Although we may venture a little farther north on a day trip, this is our turn around point before we head back to Mexico City. We’re also half way through our time budget.
Plant-wise, today’s trip added little to the range of cacti we had seen, with the exception of a few Ariocarpus kotschoubeyanus hiding in the dried up mud of what SatNav thought was a laguna. The local Thelocactus bicolor were duly photographed for comparison with those at other stops.
S3083: Agave lechuguilla – by the way, ‘lechuguilla’ means ‘little lettuce’, Echinocactus horizonthalonius, Echinocereus enneacanthus, Ferocactus hamatacanthus, Fouqueria splendens, Grusonia bradtiana, Opuntia rufida, O. sp., Thelocactus bicolor, Yucca sp.
S3084: Carretera a La Pelota, Parras, a failed Opuntia plantation
S3085: Farther along the same track: Ariocarpus kotschoubeyanus and Echinocereus sp.
S3087: assuming that the caption on the ‘Earth Gallery’ on Google Earth is correct we were near Santa Teresa de Sofia in la Sierra de Australia. Australia?! Had we taken a wrong turn? The plant list had not changed much all day: Agave sp., Euphorbia antisyphalitica, Fouquieria splendens, Grusonia bradtiana, Mammillaria pottsii, Thelocactus bicolor – the form T. wagnerianus is reported from near this location – and Yucca sp.

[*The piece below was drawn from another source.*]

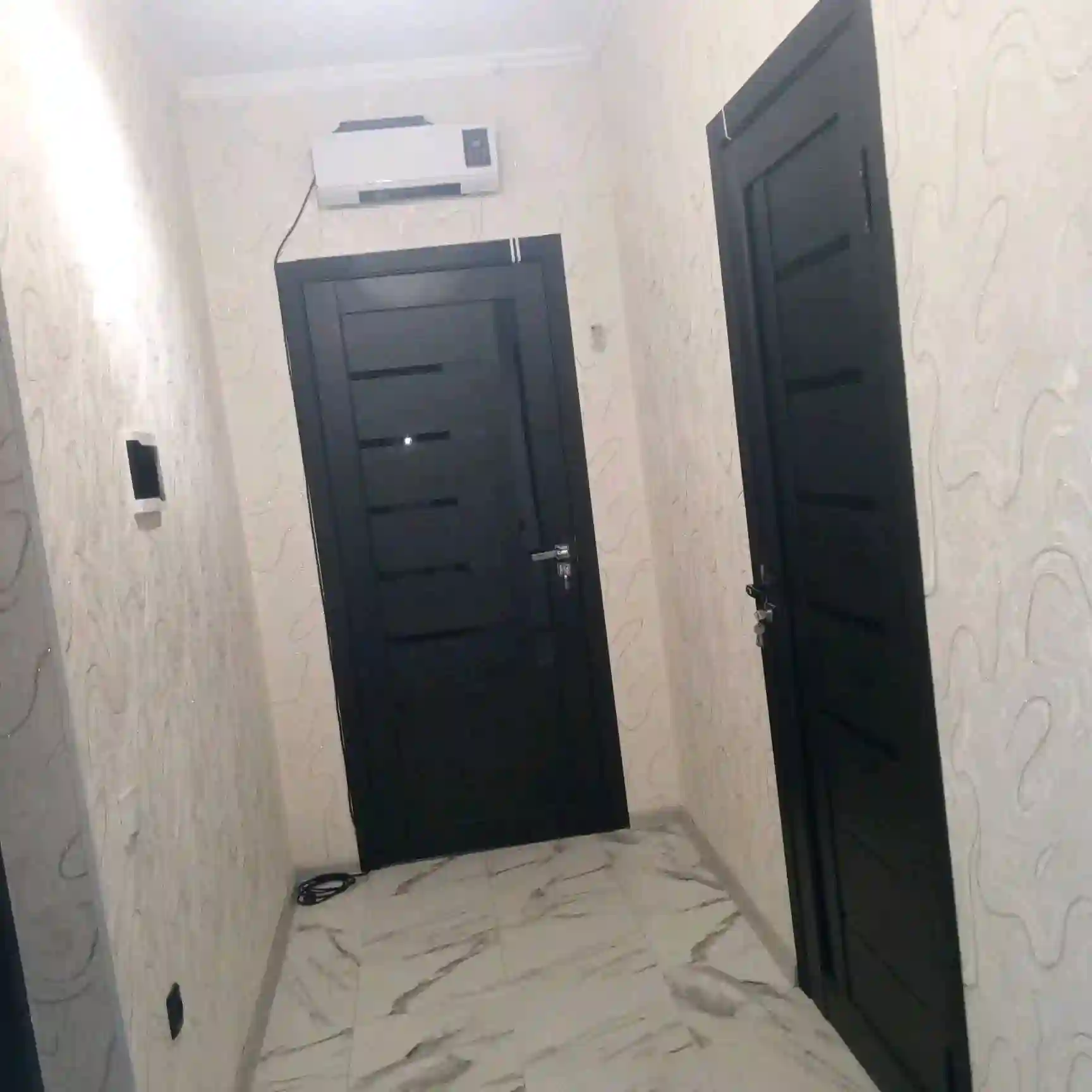 2-к квартира, 5 этаж, 56 м², гулистон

Seeing the name Thelocactus wagnerianus reported from here in my database made me look up some more resources. The excellent Thelocactus website produced by Alessandro Mosco reports: ‘Wagnerianus was described by Berger and should be differentiated from the type by its columnar stem, the reddish spines and the lack of flattened spines. Plants with these characters have been found west of Saltillo, Coahuila, where they intergrade eastwards with typical bicolor, while westwards their range extends as far as the area where the bolaensisform can be found. From a taxonomic point of view, actually there are not sufficient reasons to accept these forms at a formal rank.’
Great point: because this plant has some differences from the typical bicolor means it’s useful that it has a name. But it need not mean that it is a different taxon! The decision of where the line is drawn between ‘variability within a species’ and ‘different enough to warrant a different botanic taxon’ is an individual and ‘fashion’ influenced one. It also leads to a great deal of confusion and ultimately no longer helps us to communicate about our plants effectively, which after all was the original purpose of nomenclature. I think it important to use names in presentations and articles that reflect current usage, but it seems that some members in the audience still use Backeberg names.
As we hit Mex 30 there was a thick haze hiding the mountains. Near the hotel, the palm trees were swaying in a strong wind and clouds were looming. As I write this, the following morning, we’re back to brilliant sunshine and just a light breeze. When we arrived at the hotel, by the time that Ian had checked out rooms, the off side rear tyre was flat again. It, and the other three had taken another fair battering today! So first task tomorrow – find a vulca!